2019-823 QPC / CE 433460
November 7, 2019
Final judgment
France, Paris

Economic stakeholders
Union des industries de la protection des plantes (UIPP)
Ministère de l'Alimentation, de l'Agriculture et de la Pêche
Benoist Busson (for FNE)

Constitutional
Other
Declare that the ban in 2022 on the production, storage and circulation of certain plant protection products is not in conformity with the Constitution.
Constitutional Court of Paris, France

January 31, 2020
Positive
Paragraph IV of article L. 253-8 of the Rural and Maritime Fishing Code, in its wording resulting from Act No. 2018-938 of 30 October 2018 on balanced trade relations in the agricultural and food sector and healthy, sustainable and accessible food for all, is in accordance with the Constitution.

A priority preliminary ruling relating to the conformity with the rights and freedoms guaranteed by the Constitution of paragraph IV of Article L. 253-8 of the Rural and Maritime Fishing Code, in its wording resulting from Law No. 2018-938 for the balance of trade relations in the agricultural and food sector, known as the EGALIM Law, has been submitted to the Constitutional Council.

Non-approved active substances are those that, following their evaluation by the European Food Safety Agency (EFSA), are subject to an implementing regulation not approving or not renewing their approval authorization, on the grounds of environmental or health hazards, as stated in the implementing circular of July 23, 2019. This circular was the subject of an appeal for excess of power by the Union of Plant Protection Industries (UIPP) before the Council of State.
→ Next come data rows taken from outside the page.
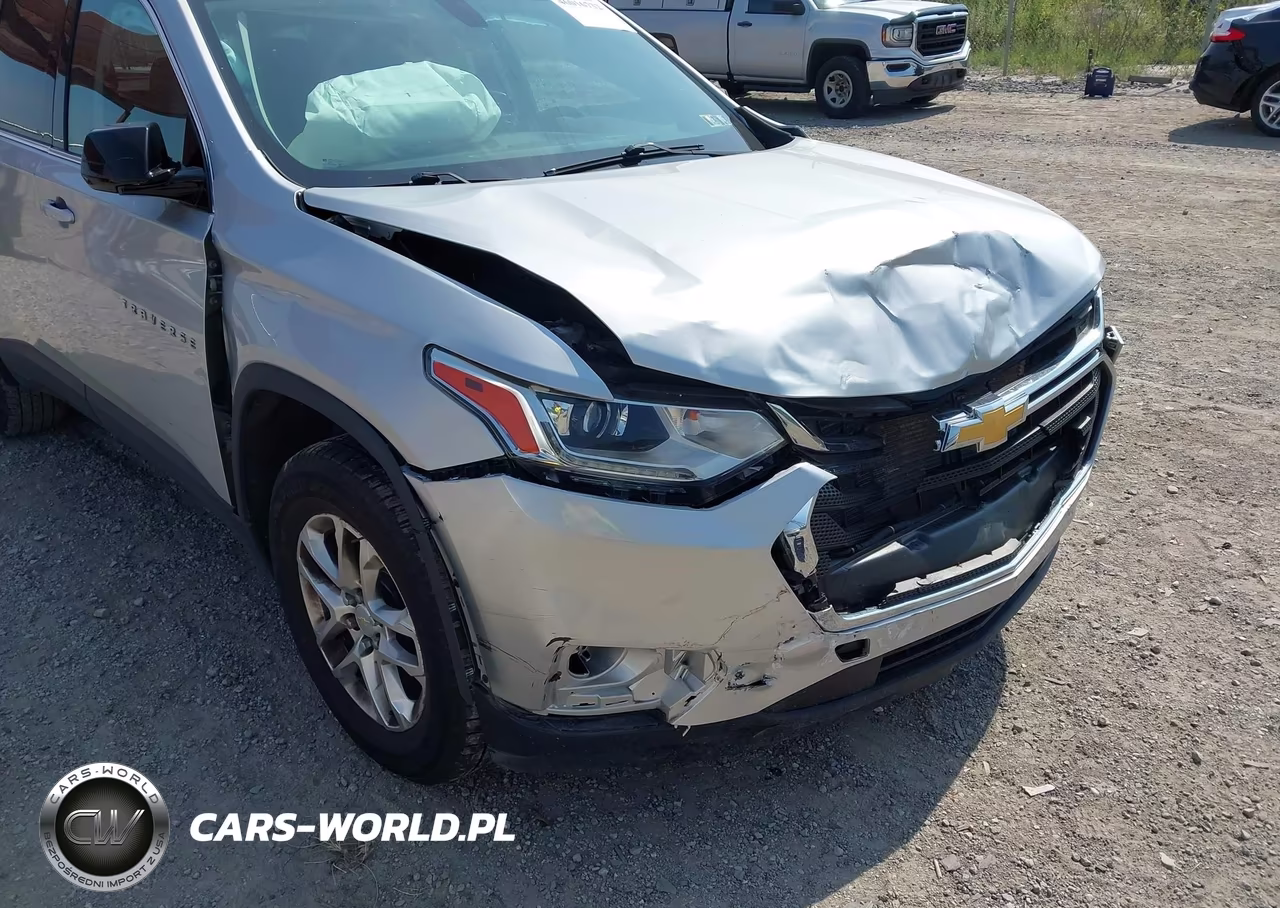2020 Chevrolet Traverse Awd Ls VIN:1GNEVFKW9LJ105170 - 6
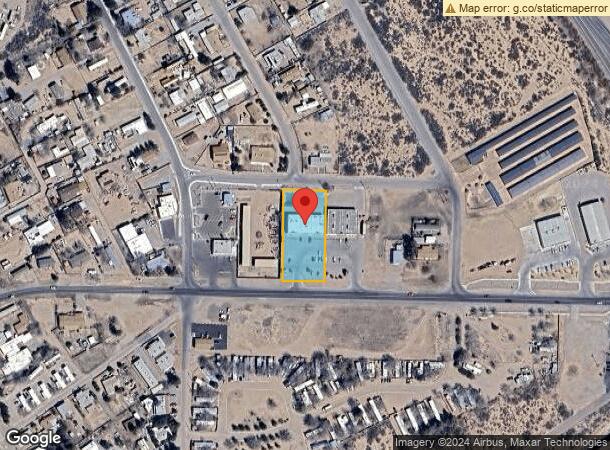  641 E Thorpe Rd, Dona Ana, NM Parcel Map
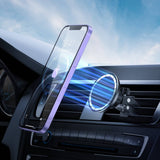 darrahopens Electronics > Mobile Accessories CHOETECH AT0004 Magsafe iPhone 12 Magnetic Car Mount Car Air Vent Phone Holder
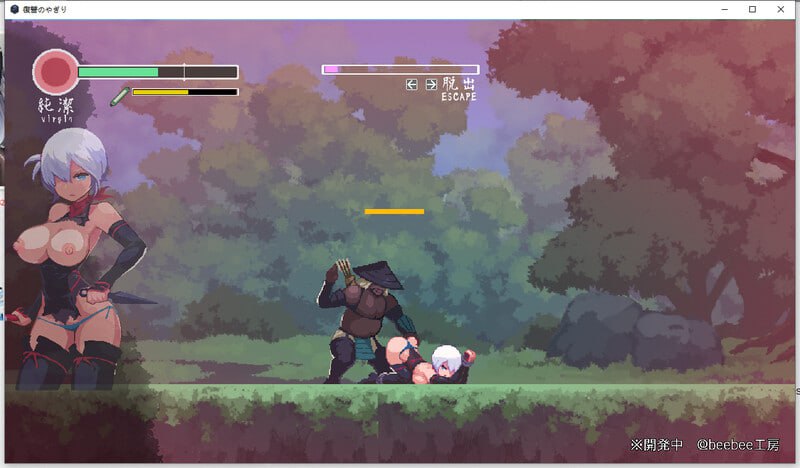 PC/ACT/#忍者的冒险 #復讐の夜霧 v0.31 日文生肉版【2025.2.28 更新】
On this occasion, the UIPP presented the QPC to the judges, who decided to submit it to the Constitutional Council on November 7, 2019.

Article L.253-8 (IV) states that ".-The production, storage and circulation of plant protection products containing active substances not approved for reasons related to the protection of human or animal health or the environment in accordance with the aforementioned Regulation (EC) No 1107/2009 of the European Parliament and of the Council of 21 October 2009 shall be prohibited from 1 January 2022, subject to compliance with the rules of the World Trade Organization."

According to the UIPP, the prohibition of sale and export stated infringes the freedom of enterprise guaranteed by Article 4 of the Declaration of the Rights of Man and Citizen of 1789 and this infringement would be unrelated to an objective of environmental and health protection insofar as the importing countries could always be supplied from third countries and that, as a result, the impact on health or the environment of countries outside the European Union would be the same.

In its decision of 31 January 2020, the Constitutional Council concluded, on the contrary, that the legislator had affected the freedom of enterprise in a way that was in line with the constitutional objectives of protecting health and the environment.

Based on the preamble of the Charter of the Environment, it establishes a new objective of constitutional value, i.e. a goal assigned by the Constitution to the legislator, that is the "protection of the environment, the common heritage of human beings". Since the environment is understood to be the common heritage of human beings, the legislator is justified in taking into account the environmental effects of activities carried out in France on a global scale, even if these effects are restricted by the behaviour of other non-French companies.

By establishing the protection of the environment as an objective of constitutional value, the Constitutional Council remains faithful to its QPC case law no. 2014-394 of 7 May 2014, Société Casuca, according to which the seven paragraphs that constitute the Preamble of the Charter of the Environment do not establish any right or freedom that the Constitution does not guarantee, and are therefore not invocable in QPC. They are norms on the basis of which the legislator may restrict such constitutional rights or freedoms.

The entry into force from 1 January 2022 of the ban on the production, storage or circulation of plant protection products containing unapproved active substances is therefore deemed to comply with the Constitution.